А лошадь содержать? Сено на зиму? Следить, чтобы ее выгуливали каждый день, дабы избежать того, что называют на конюшнях «синдром выходного дня»: застоявшуюся (после выходного) лошадь очень легко загубить любой, даже небольшой нагрузкой! А куры, свиньи? А подготовки ко всем многочисленным церковным праздникам? Это вам не в «современном» (то есть будущем) Питере забежать в храм на Пасху и воткнуть пару свечек, а дома поставить букет вербочек с бантиком. Каждый праздник, каждый пост (даже каждый день поста!) – это совершенно особенное меню. И к этому меню в доме должны иметься запасы.
Да еще мебель, одежда, прочие пожитки, вроде посуды! Да еще заготовки на зиму ягод, грибов, всяких там кореньев. И попробуйте, граждане мои, готовить «типично русскую еду» без картошки, без баклажан, без огурцов и помидоров! Все эти излишества были привезены на Русь из Америки и Ближнего Востока. Сначала их доставили в Европу – крестоносцы. Затем, после открытия Америки Колумбом, хлынули кукуруза (о, как не хватает подчас попкорна!) и картошка.
До России все это доползет еще очень нескоро. Россия пока что время от времени балуется табаком да кофием. Английский колониальный товар, хе-хе.
Поэтому Гвэрлум нередко попадала впросак и чувствовала себя уязвленной. Спасибо Флор все понимал и никогда не упрекал ее за допущенные ошибки. Сам все время подсказывал, а то и делал за нее. И Настасья, кроткое создание, выручала не раз.
А вот эта английская домохозяйка очень хорошо разбирается в своем небольшом царстве-государстве. И держится перед пришельцами как истинная королева.
– Что вам угодно, господа?
Ни Гвэрлум, ни Харузин ее речи не поняли, хотя интонация, с которой были произнесены эти слова, сказала им почти обо всем. Здесь прозвучала и досада на вторжение незваных гостей, и легкий страх: вдруг они принесли дурную новость, и в то же время любопытство, ибо новость вполне могла оказаться и доброй.
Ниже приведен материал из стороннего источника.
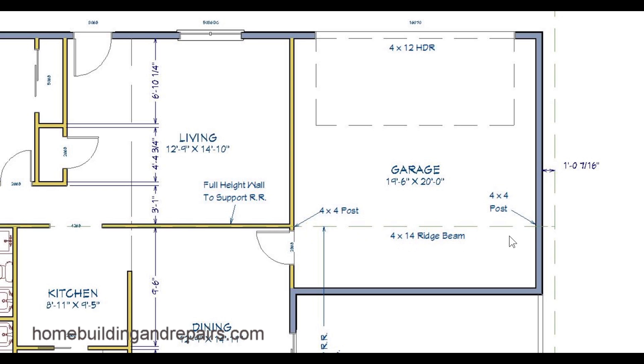Four by four ridge beam — this would be the beam that would be supported by the four by fours and would be supporting the load from the roof rafters. This was actually the wall; we're using the wall here to support the load. Here we can see full height wall to support roof rafters, and the beam would simply be an extension of that to support the roof rafters on each side. Four by twelve header for the garage door.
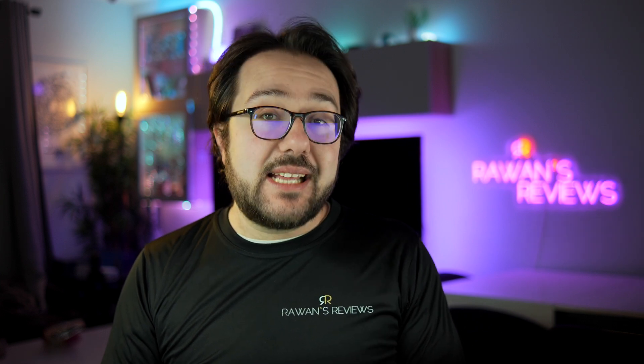Thanks for watching. If you liked the video, please hit the like button and consider subscribing to my channel, as this encourages me to continue producing content. Until next time, cheers.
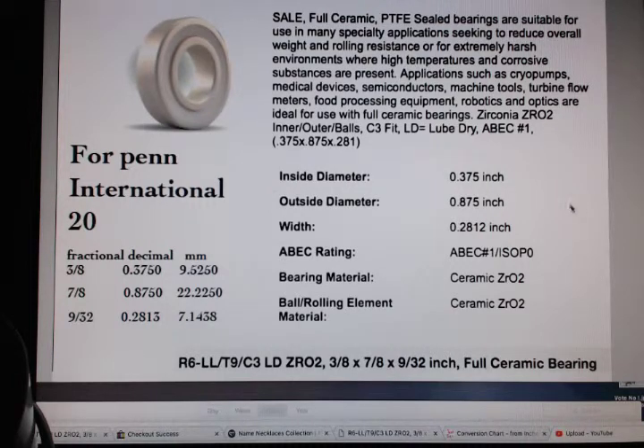Hi folks, this is Rob. For anybody looking for bearings for your Penn International 20 reel — which is the really early model ones with the little silver bars on them — this is the bearing size for what you need.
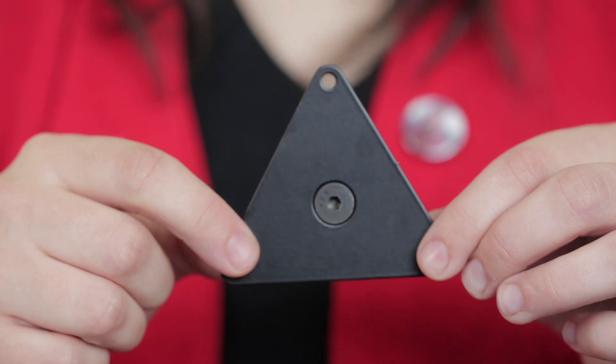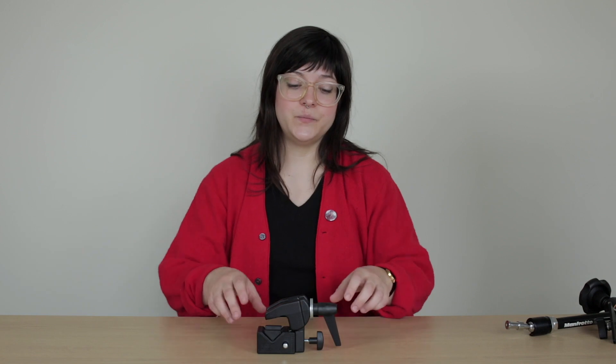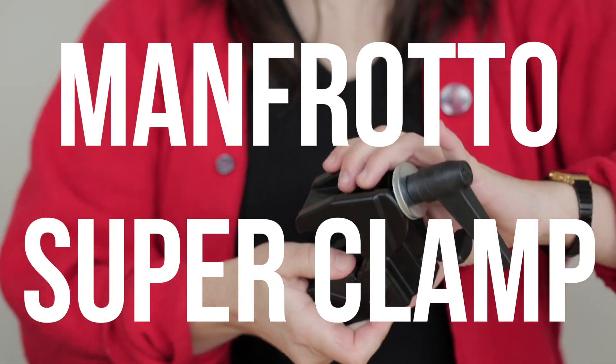You will need a mounting arm, a clamp, and a mounting plate. To attach the mounting arm to a surface you will use a compatible clamp. We use the Manfrotto Super Clamp.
Тенебрикус заговорил от лица всех присутствующих, хотя он все время указывал на Флора, а тот стоял подбоченясь и посматривал на госпожу Уэлшмен с чуть высокомерной доброжелательностью, как и положено богатому человеку в гостях у простолюдинов.
Однако Ди не были такими уж простолюдинами. И госпожа Уэлшмен сразу дала это понять.
– Мой сын занят. Он не может принимать у себя первых встречных.
– Мой друг, – Тенебрикус показал на Флора, который еще выше задрал подбородок, – готов хорошо заплатить за консультацию. У моего друга… возникли затруднения, и он очень рассчитывает на помощь высокоученого доктора. Поверьте, он хорошо знает, к кому обращается. Доктор Ди пользуется широкой известностью и повсеместным уважением.
Произнеся все это, Тенебрикус вдруг уставился на госпожу Уэлшмен ледяным взором и чуть искривил рот, так что его подвижное обветренное лицо сделалось завораживающе-уродливым, и от него невозможно было отвести глаза. Затем он вдруг улыбнулся.
Госпожа Уэлшмен вытерла со лба внезапно выступивший пот.
– Прошу вас, – промолвила она и провела гостей в дом.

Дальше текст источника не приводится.